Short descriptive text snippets

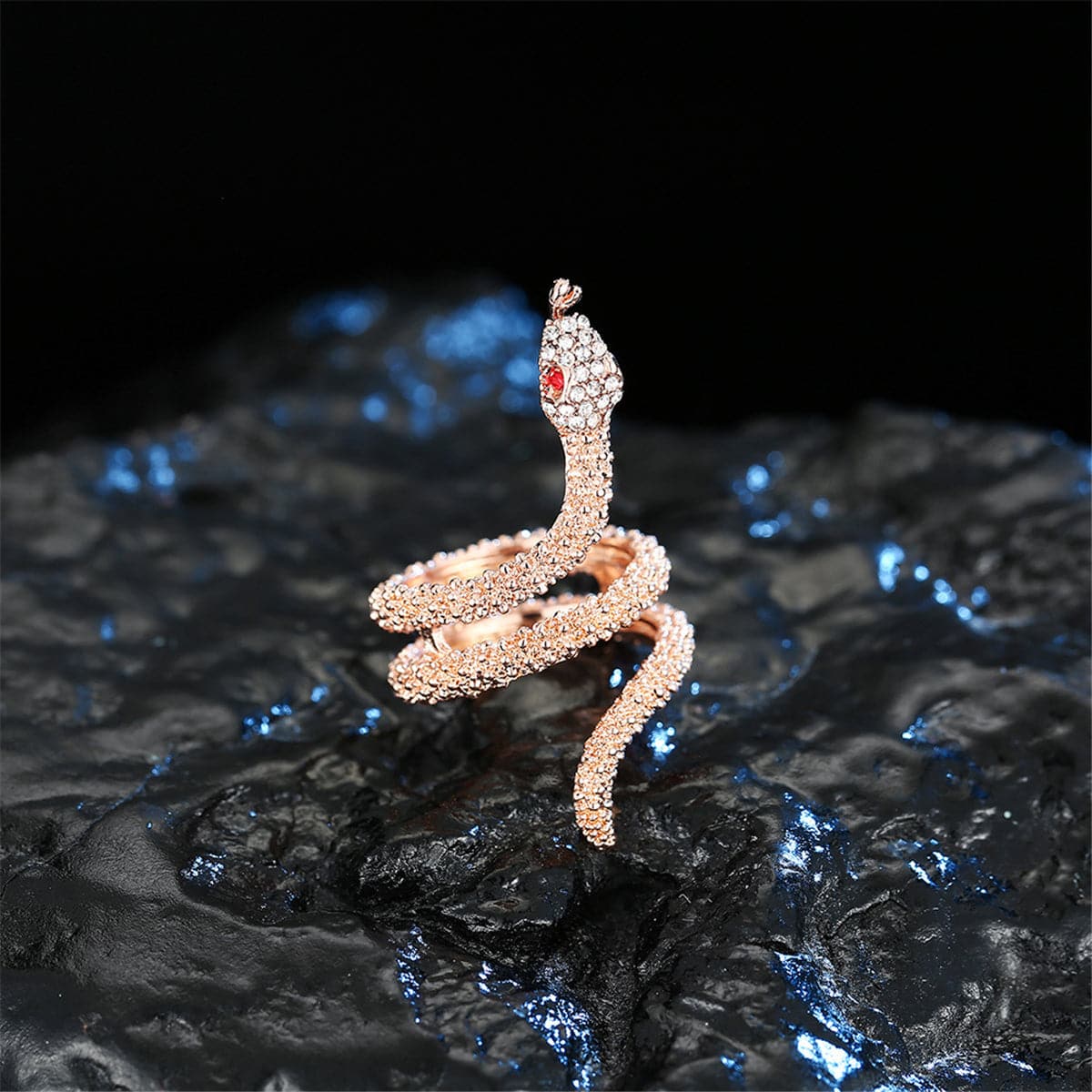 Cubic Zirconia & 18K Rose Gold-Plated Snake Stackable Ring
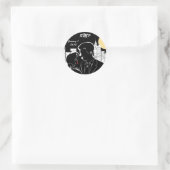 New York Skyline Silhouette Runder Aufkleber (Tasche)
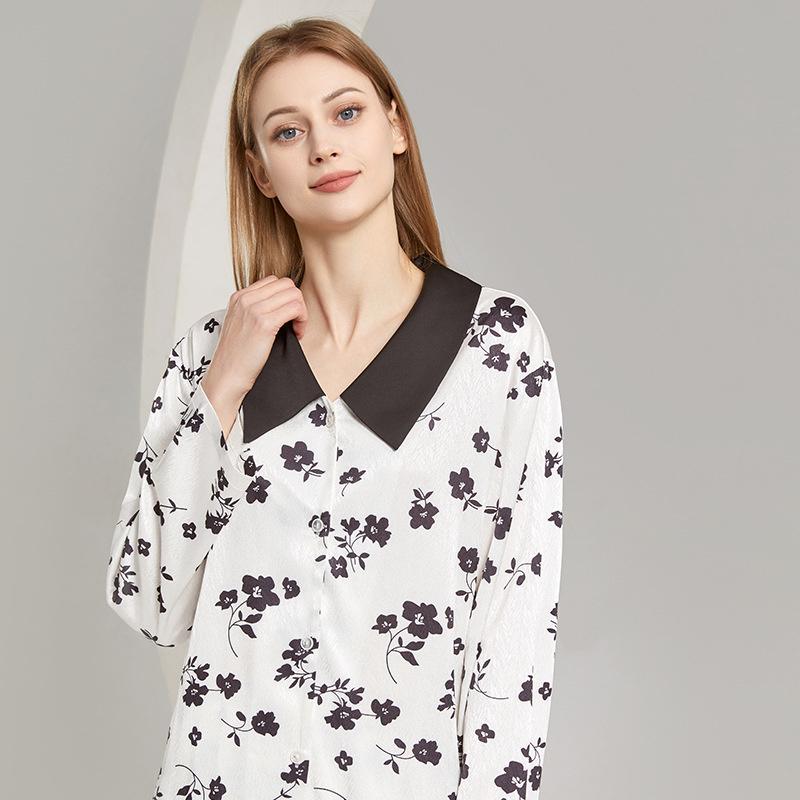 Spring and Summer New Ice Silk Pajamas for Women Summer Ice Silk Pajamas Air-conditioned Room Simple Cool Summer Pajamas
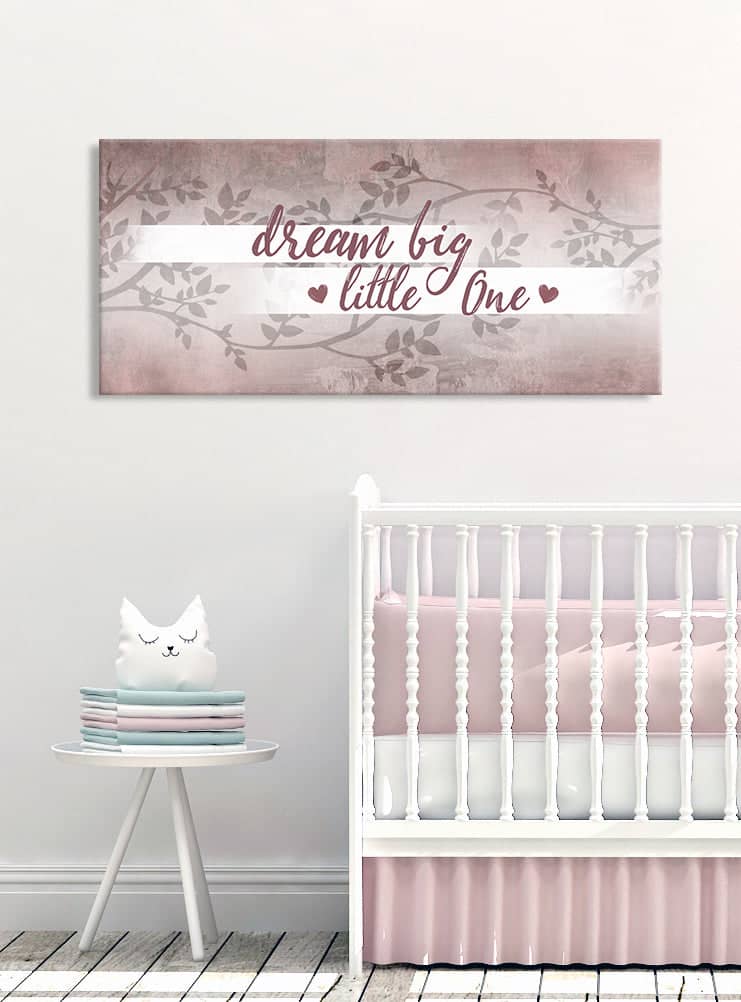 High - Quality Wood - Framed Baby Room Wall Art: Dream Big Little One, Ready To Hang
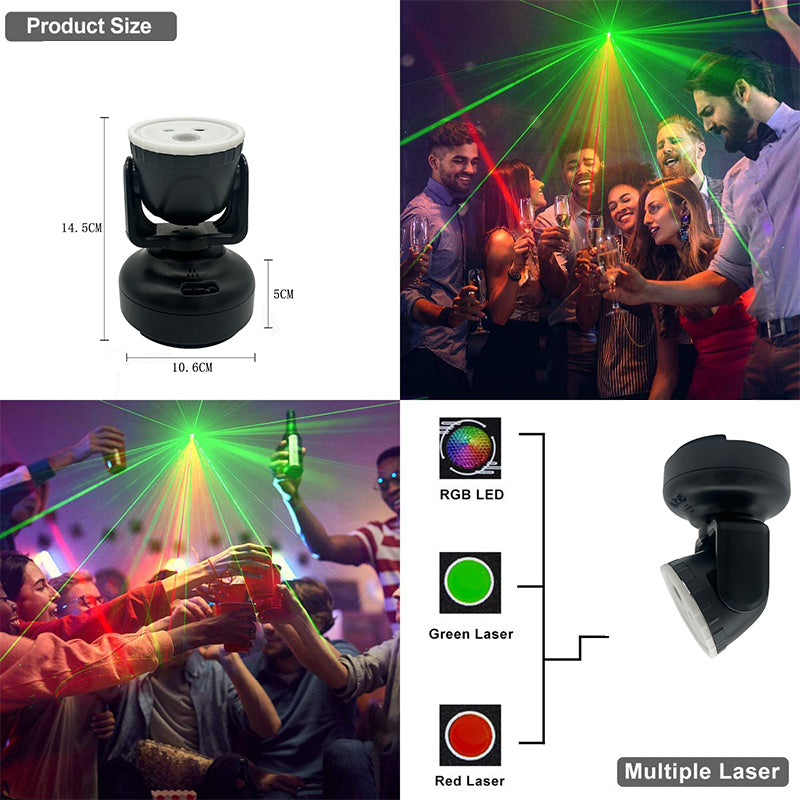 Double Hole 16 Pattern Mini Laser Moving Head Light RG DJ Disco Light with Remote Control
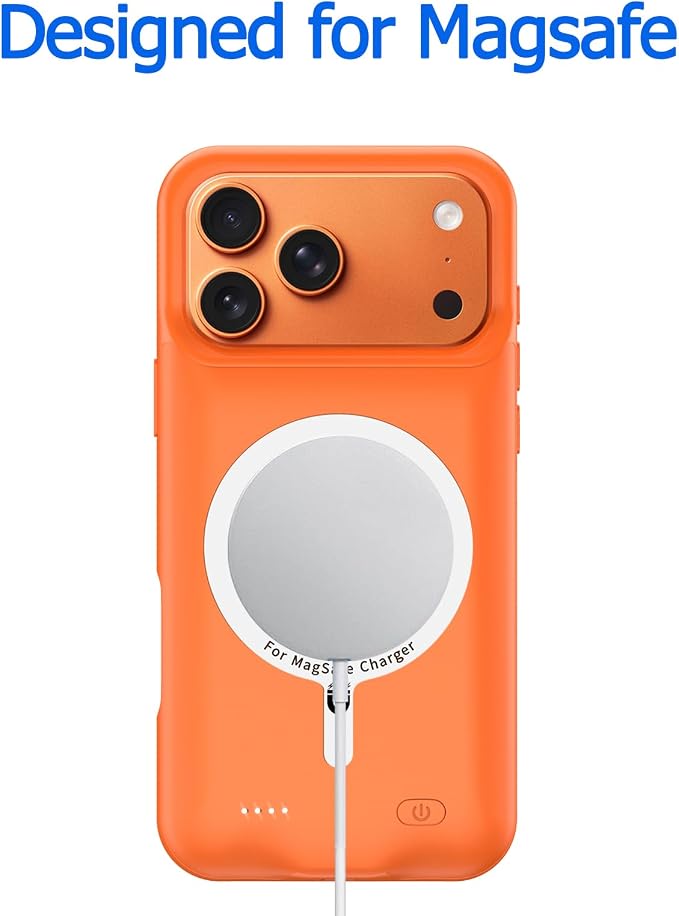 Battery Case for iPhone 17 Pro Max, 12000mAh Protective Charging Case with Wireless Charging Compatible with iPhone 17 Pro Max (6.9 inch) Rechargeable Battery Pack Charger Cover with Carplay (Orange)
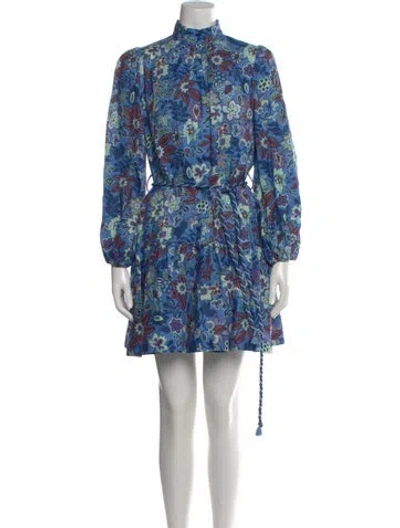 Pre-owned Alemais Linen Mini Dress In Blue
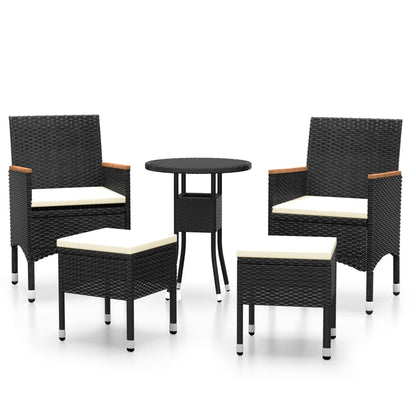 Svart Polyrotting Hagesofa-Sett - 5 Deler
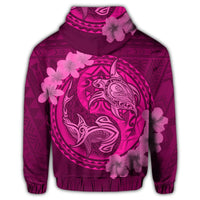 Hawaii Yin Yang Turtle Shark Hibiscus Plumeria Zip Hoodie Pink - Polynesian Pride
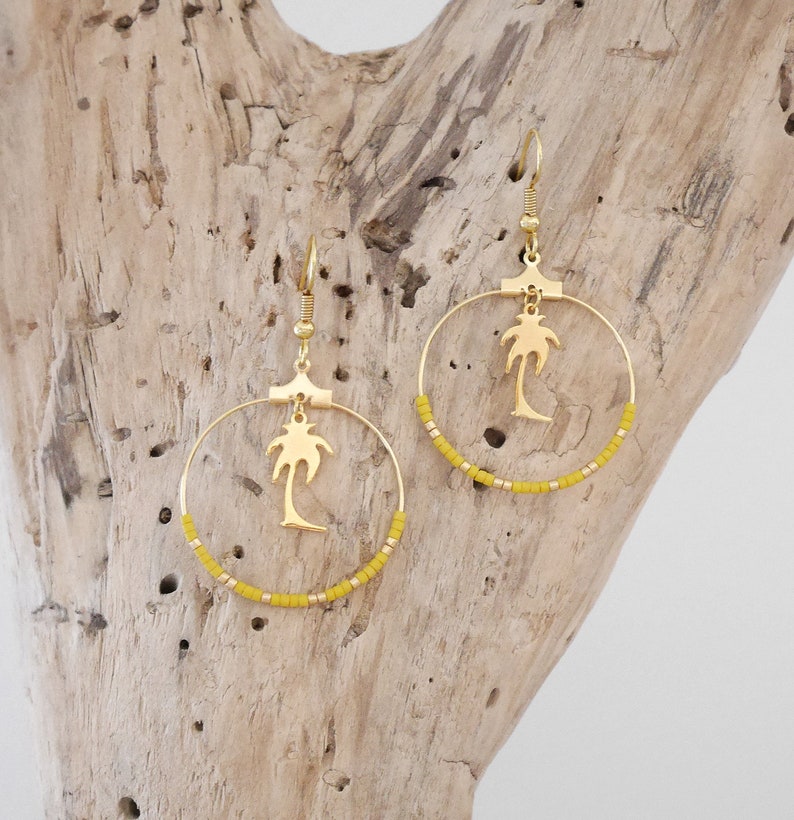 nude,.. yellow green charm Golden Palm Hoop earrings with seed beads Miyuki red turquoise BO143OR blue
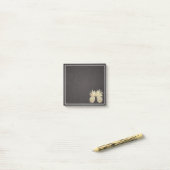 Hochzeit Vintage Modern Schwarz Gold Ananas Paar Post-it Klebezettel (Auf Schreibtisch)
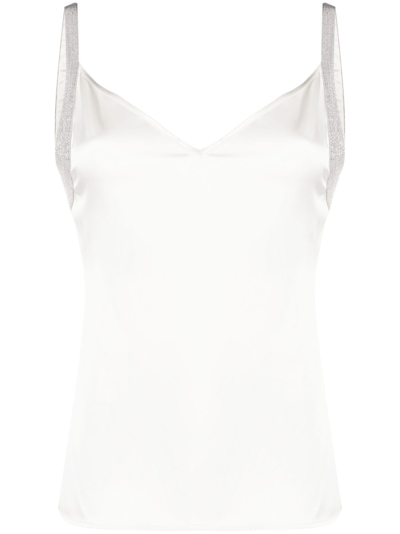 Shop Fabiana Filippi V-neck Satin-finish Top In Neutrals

- _Task details_:
Leave out every picture and transcribe the remaining entries exactly.

- _Task solution_:
 Cubic Zirconia & 18K Rose Gold-Plated Snake Stackable Ring
 New York Skyline Silhouette Runder Aufkleber (Tasche)
 Spring and Summer New Ice Silk Pajamas for Women Summer Ice Silk Pajamas Air-conditioned Room Simple Cool Summer Pajamas
 High - Quality Wood - Framed Baby Room Wall Art: Dream Big Little One, Ready To Hang
 Double Hole 16 Pattern Mini Laser Moving Head Light RG DJ Disco Light with Remote Control
 Battery Case for iPhone 17 Pro Max, 12000mAh Protective Charging Case with Wireless Charging Compatible with iPhone 17 Pro Max (6.9 inch) Rechargeable Battery Pack Charger Cover with Carplay (Orange)
 Pre-owned Alemais Linen Mini Dress In Blue
 Svart Polyrotting Hagesofa-Sett - 5 Deler
 Hawaii Yin Yang Turtle Shark Hibiscus Plumeria Zip Hoodie Pink - Polynesian Pride
 nude,.. yellow green charm Golden Palm Hoop earrings with seed beads Miyuki red turquoise BO143OR blue
 Hochzeit Vintage Modern Schwarz Gold Ananas Paar Post-it Klebezettel (Auf Schreibtisch)
 Shop Fabiana Filippi V-neck Satin-finish Top In Neutrals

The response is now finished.